I recently traveled to the nation’s capital to celebrate the graduation of two of my siblings, with all of my siblings and various related tagalongs enjoying time together in Washington, D.C. We took in many of the sights and hit up various museums. I always appreciate those who curate exhibits; it’s certainly an art to be able to put together items and research in a way that is both aesthetically pleasing and provides information and insight into a topic in a way that makes people want to stop and take it all in! Especially in today’s world, where our handheld screens vie for our attention constantly …
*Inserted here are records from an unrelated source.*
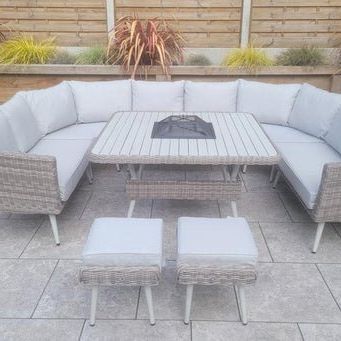 Weave Garden Furniture Danielle Grey Rattan U Shaped Corner Sofa Dining Set with FireDrinks Pit.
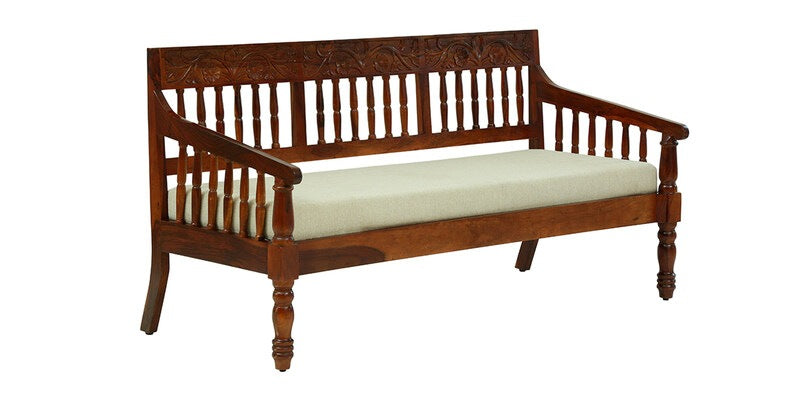 Deventi Wooden 3 Seater Sofa for Living Room In Honey Oak Finish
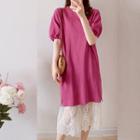 Round-neck Puff-sleeve Knit Dress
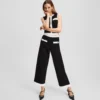 CONTRAST PIPING GEBREIDE BROEK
I recently came across a bit of information about a man from South Dakota who spent his life distributing data about the past. An article in South Dakota History, Vol. 47, No.4, describes, “John Leonard Jennewein was an aficionado of the American West with a passion for preserving and sharing the past through his various roles as historian, educator, and museum curator.”
Jennewein was born on June 5, 1910, in Bath, S.D., and grew up on the Hat Ranch near Bison. He married Marjorie Bullock in 1933, and the couple would have two daughters, Linova and Sylvia.
Jennewein worked various jobs throughout his life, and the first was as a rural schoolteacher near Bison. He graduated from Northern State Teachers College at Aberdeen in 1935, after which he relocated to Pierre to work as district director of employment for the Works Progress Administration. “Throughout the 1940s and 1950s, he served in the United States Army, as state director of recreation for the Federal Works Agency in Mitchell, chief clerk of the post engineers at the Black Hills Ordnance Depot in Igloo, and district property officer for the Bureau of Reclamation at Huron,” the article states. “In 1953, Jennewein and his family settled in Mitchell, where he taught history and English at Dakota Wesleyan University until his death in 1968.”
The article describes that Jennewein’s father, Fred, was an avid collector of cowboy memorabilia, and this sparked Jennewein’s interested in western history. The South Dakota Hall of Fame, to which he was inducted in the general category in 1978, describes that other interests included photography, lecturing, book collecting, antiques, antique cars, and writing, all of which started when he was young. “Their home was filled with antiques,” the website states. “Finally the town of Bison built a rammed earth museum to house the Jennewein collection. Leonard’s father, Fred, was curator until he died, when it was moved to the basement of the Custer State Park Museum. (Leonard’s) Family vacations were always planned around locating and photographing historical sites, monuments, interviewing people of interest and, of course, visiting every museum possible.”
Jennewein’s love of history translated into many publications that he wrote, including “Calamity Jane of the Western Trails,” “Prelude to Barbed Wire,” and “Black Hills Book Trails,” and he co-edited “Dakota Panorama,” a collection of historical essays commemorating the centennial of Dakota Territory.
“As executive secretary of the Friends of the Middle Border, Jennewein tirelessly collected and documented artifacts for the organization’s museum in College Hall on the Dakota Wesleyan campus, both before and after fire destroyed the building in 1955. Now named the Dakota Discovery Museum, the facility is located near the Dakota Wesleyan campus, where the Jennewein Western History collection is housed at the university’s McGovern Library,” the article describes.
During his life, Jennewein was involved in numerous historical organizations and received various honors and awards. “A noted lecturer, he was frequently called upon to emcee events across the state. The City of Mitchell named Jennewein Park in his honor in 1968, and he was inducted into the South Dakota Hall of Fame in 1978,” the article states.
The South Dakota Hall of Fame website describes that Jennewein was a member of North and South Dakota Historical Society, Montana and Colorado Historical Society, Mississippi Valley Historical Association, American History Association, national Congress of American Indians, South Dakota Institute of Indian Studies, National Council Teachers of English, Phi Kappa Phi, South Dakota Education Association, American Legion, and Sigma Tau Delta. “Teaching the college students was not a chore,” the website states. “He loved it. Every day was an exciting challenge. Students say he made history come alive, especially when he was teaching South Dakota and the Midwest.”
Jennewein died on Jan. 4, 1968, and is buried in the American Legion Cemetery in Mitchell.
This is a week to celebrate our history — I hope everyone had a happy Independence Day!